**What to produce:**
Output must match the data below exactly from its first line through the line that contains "Breast Augmentation", with no other line.

_ _ _ _ _ _ _

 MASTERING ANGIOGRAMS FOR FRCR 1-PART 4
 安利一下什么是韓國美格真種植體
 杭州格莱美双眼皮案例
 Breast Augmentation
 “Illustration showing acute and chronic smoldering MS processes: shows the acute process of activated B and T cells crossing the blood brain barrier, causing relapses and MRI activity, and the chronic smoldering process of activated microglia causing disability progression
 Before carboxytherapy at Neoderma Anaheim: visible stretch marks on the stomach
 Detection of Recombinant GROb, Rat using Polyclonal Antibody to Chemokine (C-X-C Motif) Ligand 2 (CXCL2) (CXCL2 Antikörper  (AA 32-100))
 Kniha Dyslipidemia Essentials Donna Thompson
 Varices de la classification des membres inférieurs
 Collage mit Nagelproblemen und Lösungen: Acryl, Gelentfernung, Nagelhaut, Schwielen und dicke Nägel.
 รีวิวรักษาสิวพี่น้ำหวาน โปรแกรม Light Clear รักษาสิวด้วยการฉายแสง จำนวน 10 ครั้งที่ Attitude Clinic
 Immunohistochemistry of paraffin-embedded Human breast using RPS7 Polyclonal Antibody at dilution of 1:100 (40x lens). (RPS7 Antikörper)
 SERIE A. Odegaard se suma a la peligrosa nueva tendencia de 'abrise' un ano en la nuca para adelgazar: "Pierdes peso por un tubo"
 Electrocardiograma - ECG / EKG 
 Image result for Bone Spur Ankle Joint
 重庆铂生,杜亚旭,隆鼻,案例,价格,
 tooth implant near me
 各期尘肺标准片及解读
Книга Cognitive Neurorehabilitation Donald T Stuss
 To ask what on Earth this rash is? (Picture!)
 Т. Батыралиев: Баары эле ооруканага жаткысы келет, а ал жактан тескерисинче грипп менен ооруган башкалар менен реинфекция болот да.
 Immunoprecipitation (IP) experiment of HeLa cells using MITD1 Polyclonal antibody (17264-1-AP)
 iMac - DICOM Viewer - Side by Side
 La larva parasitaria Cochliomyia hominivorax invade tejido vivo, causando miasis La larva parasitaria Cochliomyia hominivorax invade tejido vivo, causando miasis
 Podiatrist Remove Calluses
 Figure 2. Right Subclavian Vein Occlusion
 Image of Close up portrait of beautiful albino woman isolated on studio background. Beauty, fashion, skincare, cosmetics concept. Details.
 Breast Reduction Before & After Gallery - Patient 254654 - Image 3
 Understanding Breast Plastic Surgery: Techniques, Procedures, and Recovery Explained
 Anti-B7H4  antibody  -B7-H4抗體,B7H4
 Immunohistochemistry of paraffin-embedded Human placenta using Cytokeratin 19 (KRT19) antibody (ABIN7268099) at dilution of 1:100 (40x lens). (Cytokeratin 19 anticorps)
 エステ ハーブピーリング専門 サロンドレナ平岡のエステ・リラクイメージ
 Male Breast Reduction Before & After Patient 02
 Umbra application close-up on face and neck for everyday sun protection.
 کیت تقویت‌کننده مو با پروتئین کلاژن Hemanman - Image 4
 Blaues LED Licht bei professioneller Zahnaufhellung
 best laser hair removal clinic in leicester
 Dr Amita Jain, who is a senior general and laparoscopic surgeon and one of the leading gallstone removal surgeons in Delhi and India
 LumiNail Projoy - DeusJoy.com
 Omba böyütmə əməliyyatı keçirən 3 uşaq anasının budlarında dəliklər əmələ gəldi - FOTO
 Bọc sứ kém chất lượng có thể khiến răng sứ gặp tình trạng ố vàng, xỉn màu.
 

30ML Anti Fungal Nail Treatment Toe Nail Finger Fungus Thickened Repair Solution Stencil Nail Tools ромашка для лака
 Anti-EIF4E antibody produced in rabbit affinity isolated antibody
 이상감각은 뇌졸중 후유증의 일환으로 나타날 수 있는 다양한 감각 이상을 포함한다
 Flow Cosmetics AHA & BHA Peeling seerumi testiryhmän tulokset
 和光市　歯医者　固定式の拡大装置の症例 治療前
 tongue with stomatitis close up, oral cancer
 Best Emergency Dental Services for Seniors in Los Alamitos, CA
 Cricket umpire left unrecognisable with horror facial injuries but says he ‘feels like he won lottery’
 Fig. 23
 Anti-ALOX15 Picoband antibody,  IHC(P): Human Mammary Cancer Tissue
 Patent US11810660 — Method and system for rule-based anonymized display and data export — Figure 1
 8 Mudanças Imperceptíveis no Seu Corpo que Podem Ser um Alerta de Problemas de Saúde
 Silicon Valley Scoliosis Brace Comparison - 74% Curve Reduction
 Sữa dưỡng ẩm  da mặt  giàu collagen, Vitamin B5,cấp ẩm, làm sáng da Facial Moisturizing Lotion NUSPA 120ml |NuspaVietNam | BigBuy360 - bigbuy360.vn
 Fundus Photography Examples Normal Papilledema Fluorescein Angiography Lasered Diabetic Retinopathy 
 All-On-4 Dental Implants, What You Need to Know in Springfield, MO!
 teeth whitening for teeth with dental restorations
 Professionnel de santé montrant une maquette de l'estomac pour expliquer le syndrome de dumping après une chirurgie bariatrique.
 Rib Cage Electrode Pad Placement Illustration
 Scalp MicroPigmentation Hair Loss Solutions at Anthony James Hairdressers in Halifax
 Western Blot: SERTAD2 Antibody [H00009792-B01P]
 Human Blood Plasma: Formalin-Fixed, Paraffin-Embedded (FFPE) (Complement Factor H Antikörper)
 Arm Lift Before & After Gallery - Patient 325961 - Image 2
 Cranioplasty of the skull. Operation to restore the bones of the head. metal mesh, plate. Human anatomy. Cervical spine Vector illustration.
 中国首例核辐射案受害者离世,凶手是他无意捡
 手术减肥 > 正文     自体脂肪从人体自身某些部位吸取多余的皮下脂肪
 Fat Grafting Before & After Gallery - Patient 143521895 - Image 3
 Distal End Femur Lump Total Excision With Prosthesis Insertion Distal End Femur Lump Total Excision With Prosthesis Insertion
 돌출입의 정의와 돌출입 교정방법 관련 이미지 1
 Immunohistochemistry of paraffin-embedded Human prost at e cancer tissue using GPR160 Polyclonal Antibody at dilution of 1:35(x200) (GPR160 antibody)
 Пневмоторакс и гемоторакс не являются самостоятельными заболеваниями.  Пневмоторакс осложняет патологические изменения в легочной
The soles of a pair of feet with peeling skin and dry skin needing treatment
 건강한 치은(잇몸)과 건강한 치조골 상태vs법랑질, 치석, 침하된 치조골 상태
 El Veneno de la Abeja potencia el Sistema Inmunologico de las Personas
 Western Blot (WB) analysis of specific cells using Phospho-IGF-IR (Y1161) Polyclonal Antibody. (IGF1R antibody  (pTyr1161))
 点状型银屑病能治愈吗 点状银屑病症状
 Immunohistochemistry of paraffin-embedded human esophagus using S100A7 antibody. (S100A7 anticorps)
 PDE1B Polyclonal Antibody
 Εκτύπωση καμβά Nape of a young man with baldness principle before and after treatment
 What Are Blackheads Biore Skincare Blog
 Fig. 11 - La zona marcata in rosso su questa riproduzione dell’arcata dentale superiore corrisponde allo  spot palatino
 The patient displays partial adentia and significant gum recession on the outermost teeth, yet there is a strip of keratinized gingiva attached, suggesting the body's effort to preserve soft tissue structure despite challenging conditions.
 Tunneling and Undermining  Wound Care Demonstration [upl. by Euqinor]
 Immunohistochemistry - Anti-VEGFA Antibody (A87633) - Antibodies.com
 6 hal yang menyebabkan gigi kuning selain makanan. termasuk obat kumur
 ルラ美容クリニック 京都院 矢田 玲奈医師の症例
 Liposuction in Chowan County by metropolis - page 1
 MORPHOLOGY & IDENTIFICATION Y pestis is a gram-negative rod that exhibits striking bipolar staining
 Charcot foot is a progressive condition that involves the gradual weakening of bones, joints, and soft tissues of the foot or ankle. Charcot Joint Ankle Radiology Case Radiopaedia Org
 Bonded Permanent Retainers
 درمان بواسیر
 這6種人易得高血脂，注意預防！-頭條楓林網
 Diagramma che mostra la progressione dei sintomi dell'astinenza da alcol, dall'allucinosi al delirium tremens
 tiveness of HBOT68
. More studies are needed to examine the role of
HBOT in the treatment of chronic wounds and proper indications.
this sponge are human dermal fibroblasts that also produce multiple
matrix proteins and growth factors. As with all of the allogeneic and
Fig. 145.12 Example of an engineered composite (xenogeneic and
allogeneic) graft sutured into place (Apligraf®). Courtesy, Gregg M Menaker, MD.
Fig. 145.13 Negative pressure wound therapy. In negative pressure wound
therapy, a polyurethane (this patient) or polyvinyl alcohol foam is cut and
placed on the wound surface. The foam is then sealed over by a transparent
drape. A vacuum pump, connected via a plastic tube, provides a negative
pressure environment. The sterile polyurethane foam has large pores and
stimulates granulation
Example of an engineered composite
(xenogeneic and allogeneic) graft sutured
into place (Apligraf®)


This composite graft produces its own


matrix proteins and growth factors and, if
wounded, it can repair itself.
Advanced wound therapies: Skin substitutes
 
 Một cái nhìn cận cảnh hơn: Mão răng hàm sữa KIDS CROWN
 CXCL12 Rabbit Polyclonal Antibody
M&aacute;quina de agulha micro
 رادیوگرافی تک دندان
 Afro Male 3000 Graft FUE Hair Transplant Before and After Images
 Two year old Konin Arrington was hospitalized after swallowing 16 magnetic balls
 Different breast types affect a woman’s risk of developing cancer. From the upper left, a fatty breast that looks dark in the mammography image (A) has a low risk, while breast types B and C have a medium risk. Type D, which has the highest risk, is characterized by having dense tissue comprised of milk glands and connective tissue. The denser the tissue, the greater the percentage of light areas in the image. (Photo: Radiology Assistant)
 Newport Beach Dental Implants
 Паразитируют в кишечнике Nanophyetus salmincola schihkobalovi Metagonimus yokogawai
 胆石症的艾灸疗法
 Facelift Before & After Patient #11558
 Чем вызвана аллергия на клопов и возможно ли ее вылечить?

_ _ _ _ _ _ _

**Your response:**
 MASTERING ANGIOGRAMS FOR FRCR 1-PART 4
 安利一下什么是韓國美格真種植體
 杭州格莱美双眼皮案例
 Breast Augmentation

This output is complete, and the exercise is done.